15. UBA revealed last week that it now has issued over 3 million Near Field Communication technology-enabled contactless cards to its customers. It did not however reveal how many of them are active users. UBA was one of the first to introduce contactless cards in 2015. The bank also claimed it has over 10 million debit and prepaid cards issued to its customers. A Nairametrics research on value of E-business for Nigerian banks showed UBA was top with about N30.4 billion in income out of the N132 billion generated by the industry. Of the Tier 1 Nigerian banks, UBA has the most branches outside of Nigeria making it one of the most reliable banks for trans African trade.

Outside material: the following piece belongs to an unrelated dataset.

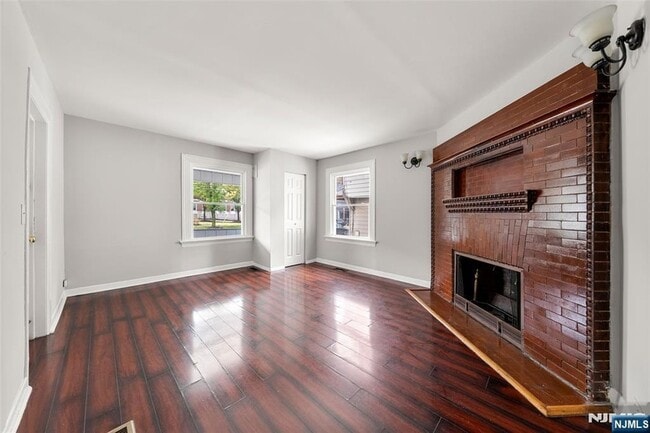 Photo - 126 Essex Street Unit 1 House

- The Banking sector was rattled last week after the CBN issued a circular on dividend payment for Nigerian Banks. The CBN had said, banks that did not meet the criteria for its Composite Risk Ratings (CRR) & Capital Adequacy Ratios will not be eligible to pay dividends. It also said banks that met its did not meet its CRR requirements but met CAR and NPL requirement cannot pay more than 75% of their profits as dividends.
The hullaballoo about the circular was due to fear that the likes of FBNH might be caught up in the restrictions. However, that’s actually not the case as all Tier 1 banks and most of the Tier 2 banks actually make the cut to pay dividends. In fact, most banks hardly pay over 50% of their profits as dividends so 75% was always a long shot.
- Sagamu Independent Power Plant Limited (SIPP), a Privately-owned Nigerian company, has signed an Engineering, Procurement and Construction (EPC) contract with China Energy Engineering Corporation Limited (Energy China) for the construction of 400 megawatts Sagamu IPP to be located in Sagamu Local Government Area of Ogun State. The project is expected to cost about $550 million.
The project is said to be a turnkey project. On funding, it appears SIPP was smart enough to tap funding from Energy China along with other International Chinese Banks. The project is expected to be delivered in two phases with the first a 250mw using open circle gas-fired turbines (OCGT).
Now here is the thing, they plan to send all of it to the National Grid. While do that when Lagos State Light Up Lagos is around the corner and Ogun State, their host state is also looking to get itself off the national grid. With the way the power sector is currently structured, I don’t know why anyone will generate power to send to the gird when you have off-takers willing to buy it off you.